The infographic needed to satisfy both expert and nonexpert audiences. Every element had to be accurate, serve a purpose and be easy to understand.
The first step for Gromicho was to take a trip to the crater himself, where he hiked around the crater taking photographs to frame the landscape of the crater. Gromicho then used these photos as a reference for painting the landscape.
He chose to draw the first wide-angle view of the crater that people see when they arrive. “It’s an incredible sight, the crater opening up before you. I wanted that awe-inspiring image to be the first element of the design,” he says. “In a photograph, there is so much for the eye to take in – a sketch allows you to bring out certain details and fade out others. For example, you can pick out textures in particular rocks and add an animal or two for scale, but it’s difficult to persuade an eagle to fly past at the exact moment for a photograph!”
Gromicho used examples of the local flora, fauna and people to place the observer into that specific environment. However, the sketch formed the backdrop rather than the main scientific focus of the infographic. Gromicho used the color palette of the landscape and shades of red to represent the diagrams of lava and associated volcanoes. The eye is naturally drawn to red, so these elements stand out to grab the readers’ attention.
The infographic needed to show the location, shape and known formation details of the crater.
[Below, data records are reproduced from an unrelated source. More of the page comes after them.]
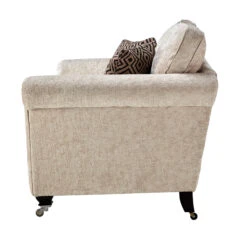 Lucinda Natural Chenille Fabric 2 Seater Sofa -Housing Units Shop a48552e7b138520ae148747992b5a6c0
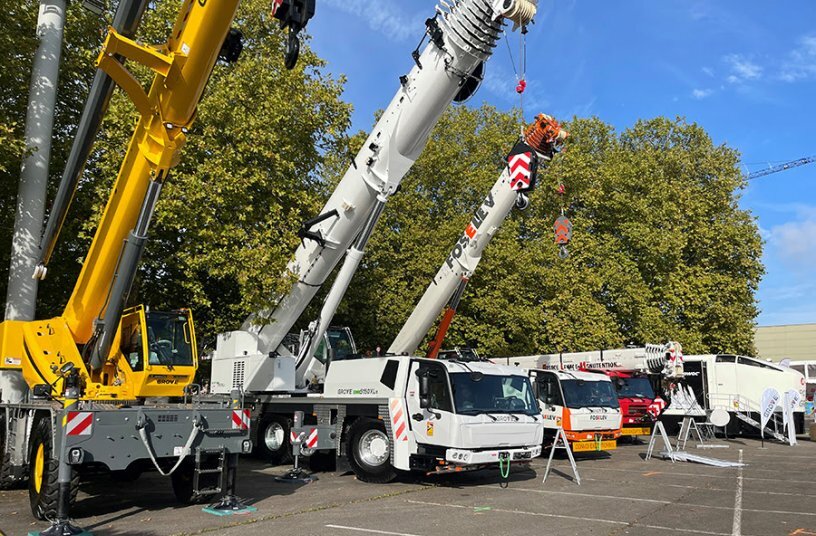 Three Grove cranes and expanded customer support offering headline Manitowocs JDL EXPO 2026 presence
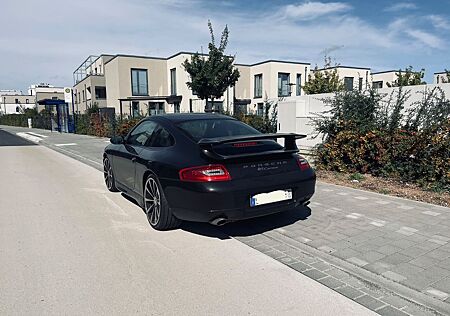 Porsche 996 911/ Carrera, deutsches FZ, ScheckH, Extras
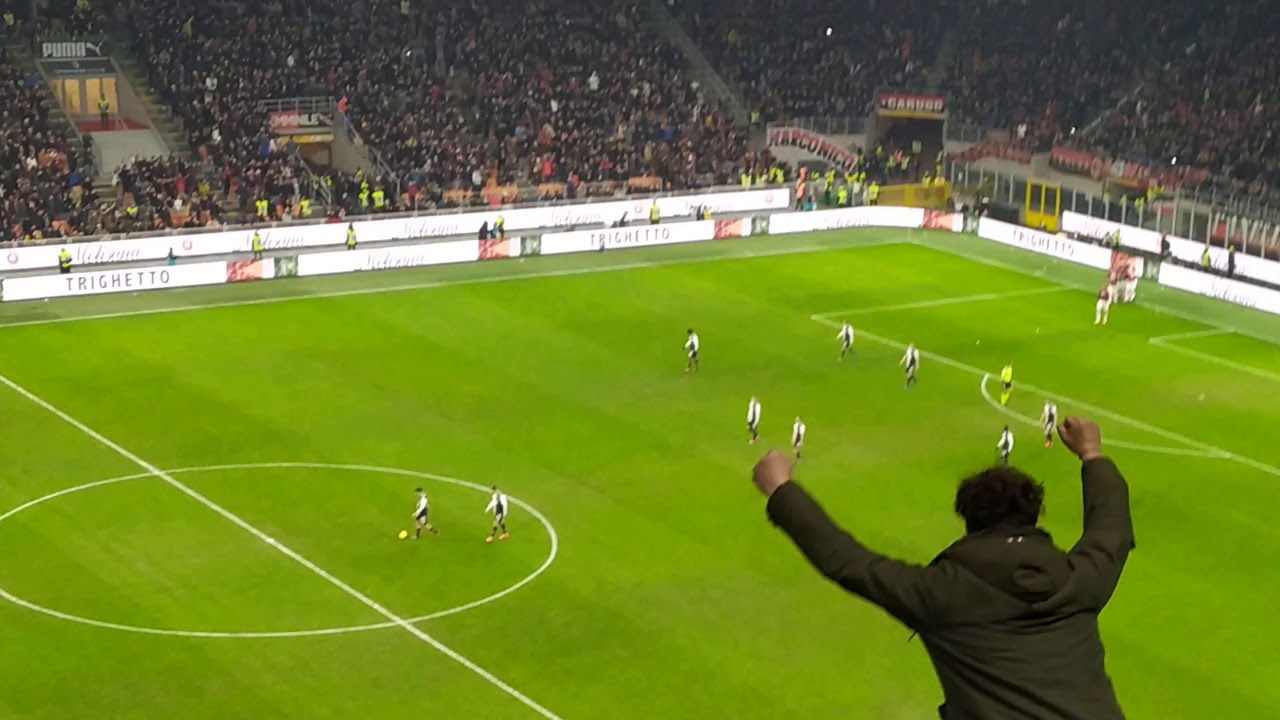 REBIC GOAL [ MILAN -JUVENTUS 1-1]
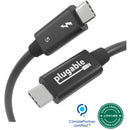 Plugable Thunderbolt 5 Cable (3.3')
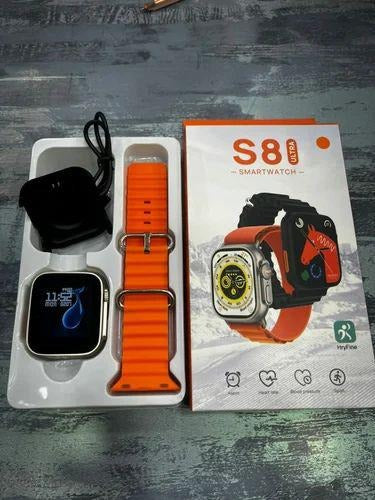 S8 Ultra Bluetooth Smart Watch for Men & Women – Fitness, Health, and Communication Hub (Random Color)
For these elements, Gromicho worked closely with geologist Froukje van der Zwan and her research group at KAUST, who have been studying this and other volcanic structures across the region.
“Illustrations that require me to go outdoors and explore, gather ideas and get my hands dirty collecting materials are some of my favorite projects.”
Gromicho was grateful to receive artistic guidance on this project from National Geographic’s Senior Artist Fernando Baptista.